El regreso no fue fácil: sólo consiguió convencer a un jefe del Ejército de Resistencia del Señor porque estaba embarazada. Muy pocos niños logran salir de su situación como soldados: la liberación de los niños y niñas secuestrados por los grupos armados es un acontecimiento muy poco frecuente, pero los casos de cautivos que logran huir son todavía más escasos. Un hermano de Sarah también fue secuestrado y se teme que haya muerto en cautiverio.
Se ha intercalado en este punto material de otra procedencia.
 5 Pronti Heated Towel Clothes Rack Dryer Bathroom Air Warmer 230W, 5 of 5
UNICEF ayuda a los niños y niñas secuestrados que han recuperado la libertad, como Sarah, dando apoyo a centros en los que reciben orientación psicosocial. Estos centros también se dedican a localizar a las familias de los menores secuestrados. En esas labores, UNICEF cuenta con aliados muy importantes, como la organización comunitaria Empowering Hands, un grupo de apoyo entre jóvenes y adolescentes que fue fundada en 2004 por personas que habían sufrido cautiverio.
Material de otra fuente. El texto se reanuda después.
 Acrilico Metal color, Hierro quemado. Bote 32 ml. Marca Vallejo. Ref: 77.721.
Música y danza para lograr la autonomía y la reintegración

Empowering Hands organiza debates en las comunidades y crea conciencia en la población acerca de los secuestros de niños y niñas mediante presentaciones musicales y representaciones teatrales. La recaudación de esas representaciones artísticas se destina a un fondo rotatorio con el que se ayuda a los integrantes de la agrupación a poner en marcha proyectos de generación de ingresos. Sarah forma parte de la compañía musical y de danzas de Empowering Hands en el campamento de Amuru. Hoy en día, la joven habla con esperanza sobre la posibilidad de reanudar sus estudios escolares mientras se gana la vida como costurera y se mantiene a sí misma y a su hijo.

"Debido a mi participación en Empowering Hands, mi vida es ahora más llevadera", comenta Sarah. "Comienzo a ver posibilidades".

Este año, más de 2.000 niños y niñas ugandeses que sufrieron cautiverio han recibido ayuda de agrupaciones de apoyo basadas en la comunidad como Empowering Hands. El número de casos registrados de secuestros de niños y niñas ha ido disminuyendo desde agosto de 2006, cuando el Gobierno de Uganda y el Ejército de Resistencia del Señor acordaron un histórico cese de las hostilidades. Sin embargo, aún no se vislumbra la liberación de unos 1.500 niños, niñas y mujeres que permanecerían todavía en manos de ese grupo rebelde.

Apoyo comunitario

"Para que las vidas de los ex secuestrados puedan volver a la normalidad, es necesario que la mayor parte del apoyo que reciben provenga de sus comunidades", afirma Keith McKenzie, que dirige las operaciones de UNICEF en Uganda. "Si no se les brinda a la comunidad y a los liberados la oportunidad de sentirse dueños del esfuerzo, se está desperdiciando la posibilidad de que los niños y jóvenes, que son nuestros recursos más valiosos, crezcan en un clima de paz y tolerancia".

La participación plena de la comunidad constituye un componente integral de la creación de un ámbito de protección para los liberados y sus familiares. Las comunidades pueden resolver de manera conjunta los problemas del estigma de las víctimas, la falta de recursos económicos, la vulnerabilidad  y otros desafíos a los que se suelen enfrentar quienes han sufrido secuestro y cautiverio.

La primera preocupación de Sarah, que vive con su hijo en una choza de barro con techo de paja, es el futuro del pequeño. Sarah afirma que el niño tendrá que ir a la escuela y recibir atención médica adecuada. Y dice que su hijo no tiene por qué sufrir las pesadillas de los combates que debió padecer ella.

"Me siento muy enfadada por lo que sucedió, porque no debió haber sucedido", afirma Sarah en voz baja. "Quiero que todos aquellos en cuyo poder esté hacer algo para poner fin a esta guerra lo hagan".